BACKGROUND TO THE DAILY DAF
brought to you by Kollel Iyun Hadaf of Yerushalayim
[44a - 12 lines; 44b - 8 lines]
1) [last line] V'HADRIN BEHON - and go back on what they said; i.e. they reclaim the Hefker for themselves
2) [line 4] PERET
Individual (one or two) grapes that fall during the harvest may not be gathered by the owner of the vine but must be left for the poor, as stated in Vayikra (19:10), "...u'Feret Karmecha Lo Selaket, le'Ani vela'Ger Ta'azov Osam." ("...nor shall you gather the fallen grapes of your vineyard; you shall leave them (the gifts of Pe'ah, Leket, Olelos and Peret) for the poor and the stranger.")
3) [line 4] OLELOS
Olelos are incompletely-formed grape clusters, in which no grapes hang from the tip of the central stem, and the grapes on the side-stems that part from the central stem do not lie on one another. These clusters must be left behind on the vine for the poor, as stated in Vayikra (19:10), "v'Charmecha Lo Se'olel...le'Ani vela'Ger Ta'azov Osam." ("And you shall not glean your vineyard...you shall leave them (the gifts of Pe'ah, Leket, Olelos and Peret) for the poor and the stranger.")
4) [line 5] SHIKCHAH
If one or two bundles of grain were forgotten in the field when the other bundles were collected, they must be left for the poor, as described in Devarim (24:19). Also, one may not backtrack to harvest a row previously overlooked.
5) [line 5] PE'AH
The corner, or end, of the harvest must be left in the field for the poor, as it states "Lo Sechaleh Pe'as Sadecha Liktzor...le'Ani vela'Ger Ta'azov Osam." - "Do not completely harvest the corner of your field...you shall leave them (the gifts of Pe'ah, Leket, Olelos and Peret) for the poor and the stranger." (Vayikra 19:9-10)
6) [line 5] MA'ASER
(a) After a crop is harvested and brought to the owner's house or yard, he must separate Terumah Gedolah from the crop and give it to a Kohen. Although the Torah does not specify the amount to be given, the Rabanan set the requirement at one fiftieth of the total crop. After Terumah is removed from the produce, one tenth of the produce that remains must be designated "Ma'aser Rishon," and given to a Levi. The Levi, in turn, must separate one tenth of his Ma'aser Rishon as Terumas Ma'aser, to be given to a Kohen, as it states in Bamidbar 18:26.
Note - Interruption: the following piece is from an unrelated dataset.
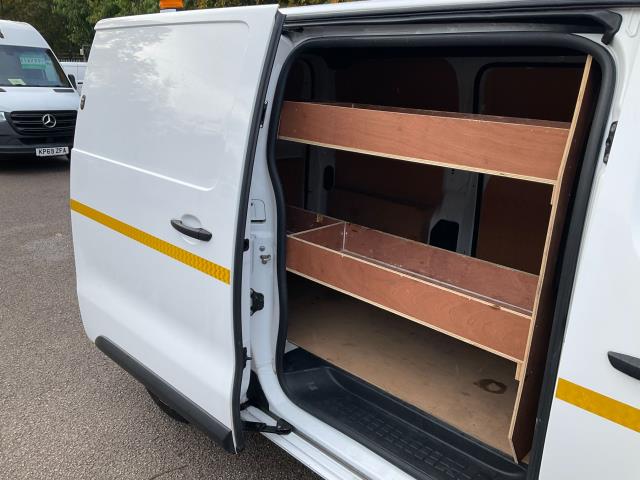 2021 Peugeot Expert 1000 1.5 Bluehdi 100 Professional Van (NV71LNC) Image 16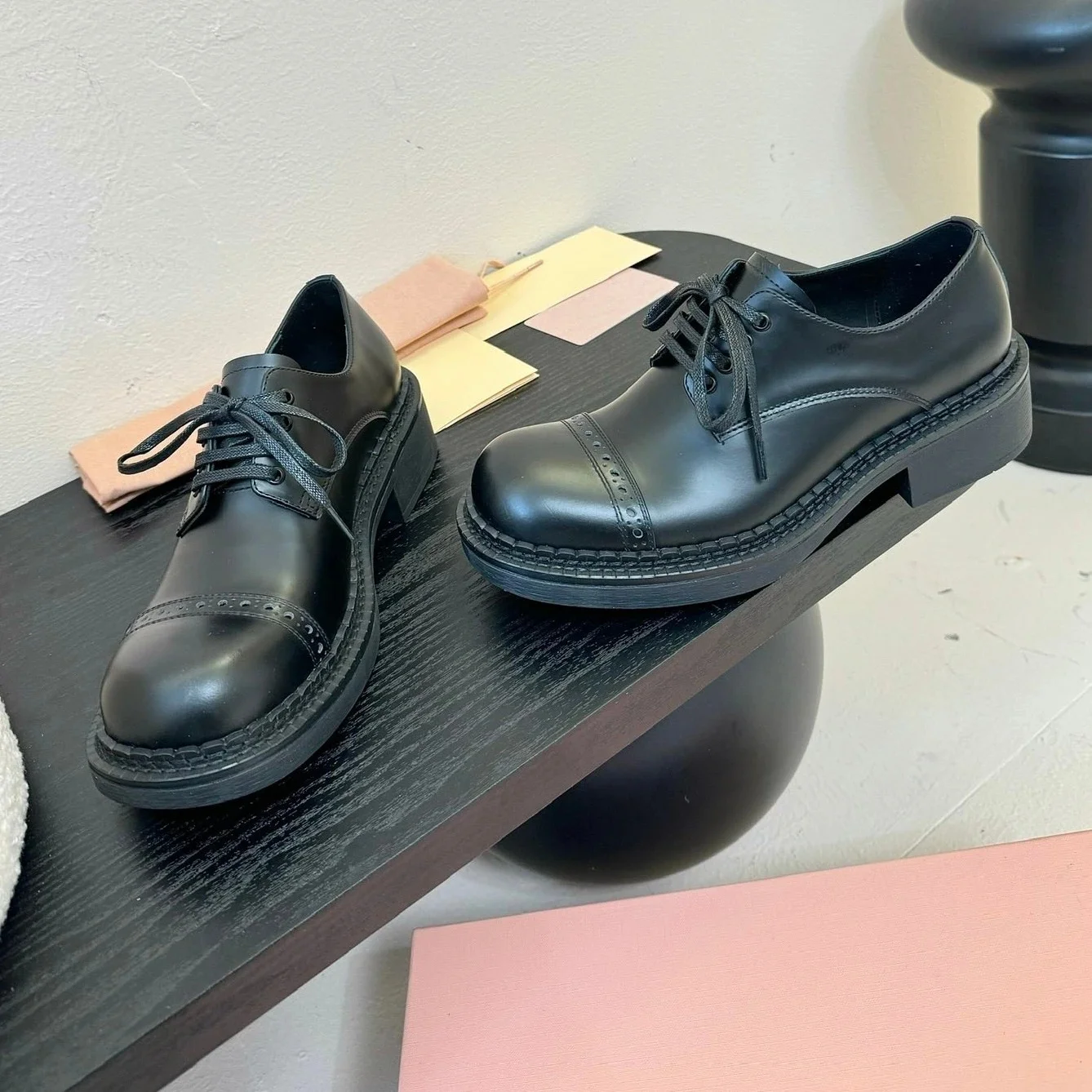 2025 FANGXITING أحدث النمط البريطاني جلد طبيعي جولة تو الدانتيل متابعة امرأة المتسكعون ديربي أحذية أوكسفورد البغال قباقيب البروغ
(b) The produce may not be eaten until both Terumos have been removed. The punishment for eating Tevel is Misah b'Yedei Shamayim.
(c) A second tithe is given every year after Ma'aser Rishon has been separated. The tithe that is separated in the third and sixth years of the 7-year Shemitah cycle is called Ma'aser Ani and is given to the poor.
(d) The tithe that is separated during the first, second, fourth and fifth years is called Ma'aser Sheni. The Torah requires that Ma'aser Sheni be brought and eaten by its owner in Yerushalayim.
(e) Alternatively, Ma'aser Sheni produce may be redeemed, in which case the money used to redeem it is brought to Yerushalayim. If the owner himself redeems the produce, he must add an additional fifth (of the ensuing total, or a quarter of the original value). The food that is bought with this money in Yerushalayim becomes Kodesh like Ma'aser Sheni and must be eaten b'Taharah. Ma'aser Sheni that was redeemed by anyone besides the owner is exempt from the additional fifth.